• **WHAT YOU NEED TO DO**
Nothing but the lines from the one containing "Krups KM 3210" through the end of the entries below should appear in your answer, transcribed exactly; please drop the pictures.

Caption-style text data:
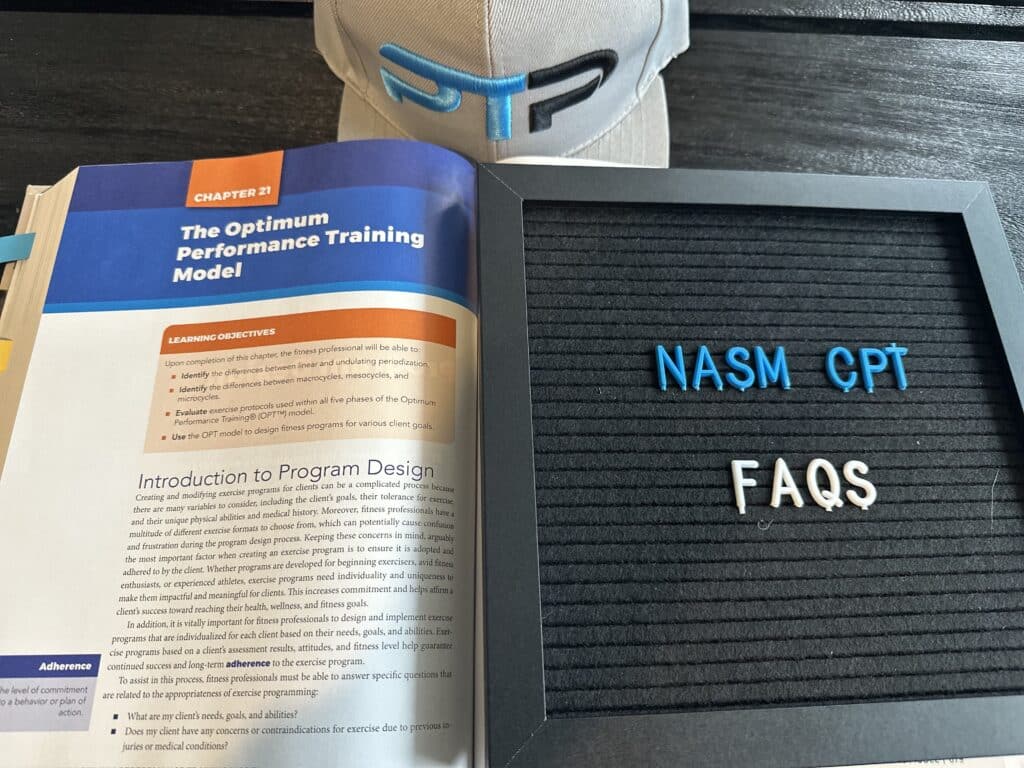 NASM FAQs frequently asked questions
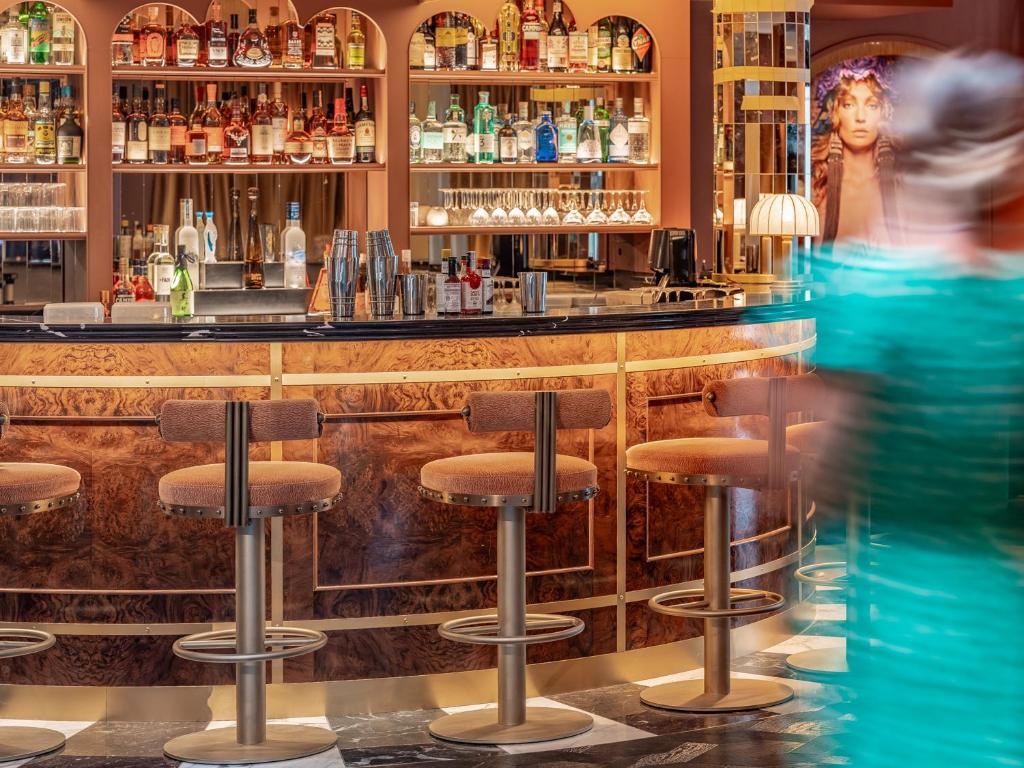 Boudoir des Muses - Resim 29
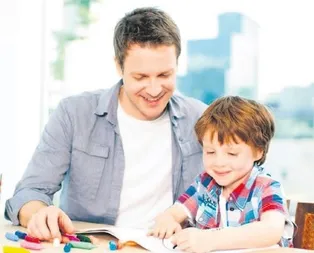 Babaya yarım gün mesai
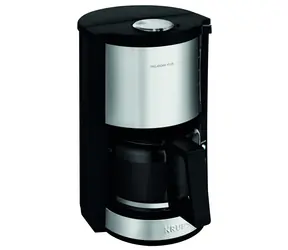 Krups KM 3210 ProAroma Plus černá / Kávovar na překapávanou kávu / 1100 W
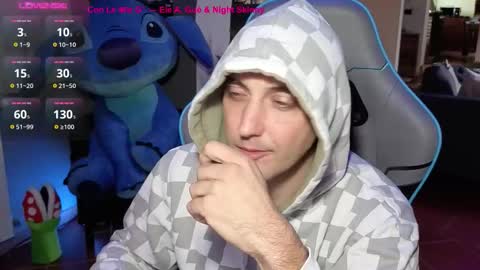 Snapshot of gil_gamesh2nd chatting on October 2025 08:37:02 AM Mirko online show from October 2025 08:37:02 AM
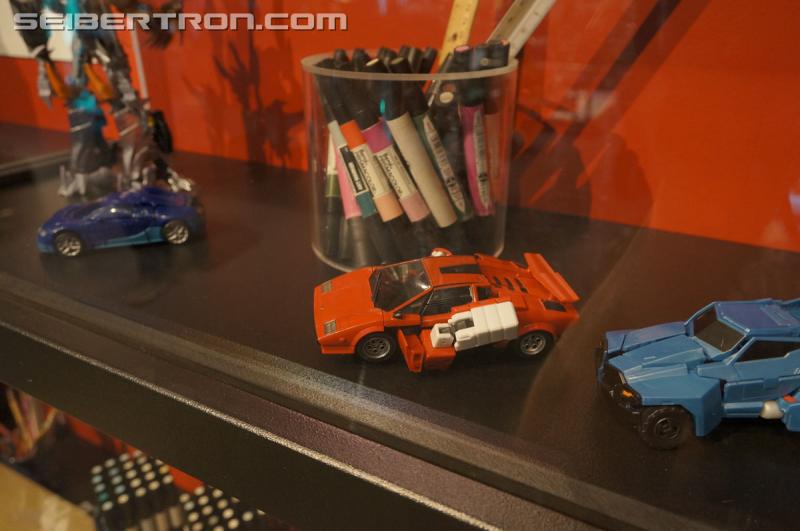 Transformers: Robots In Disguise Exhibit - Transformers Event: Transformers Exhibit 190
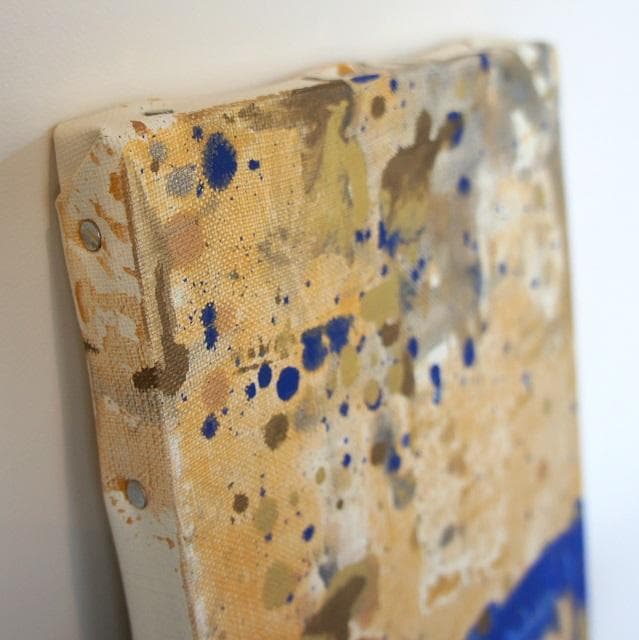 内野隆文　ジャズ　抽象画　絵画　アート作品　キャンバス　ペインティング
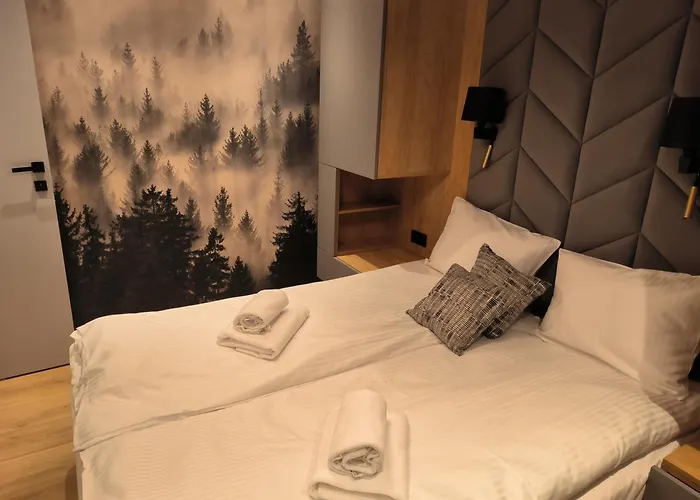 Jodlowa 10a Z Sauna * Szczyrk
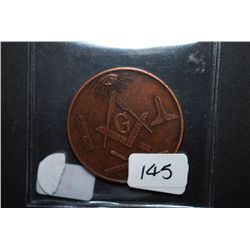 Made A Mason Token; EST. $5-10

• **REPLY TO THE TASK**
 Krups KM 3210 ProAroma Plus černá / Kávovar na překapávanou kávu / 1100 W
 Snapshot of gil_gamesh2nd chatting on October 2025 08:37:02 AM Mirko online show from October 2025 08:37:02 AM
 Transformers: Robots In Disguise Exhibit - Transformers Event: Transformers Exhibit 190
 内野隆文　ジャズ　抽象画　絵画　アート作品　キャンバス　ペインティング
 Jodlowa 10a Z Sauna * Szczyrk
 Made A Mason Token; EST. $5-10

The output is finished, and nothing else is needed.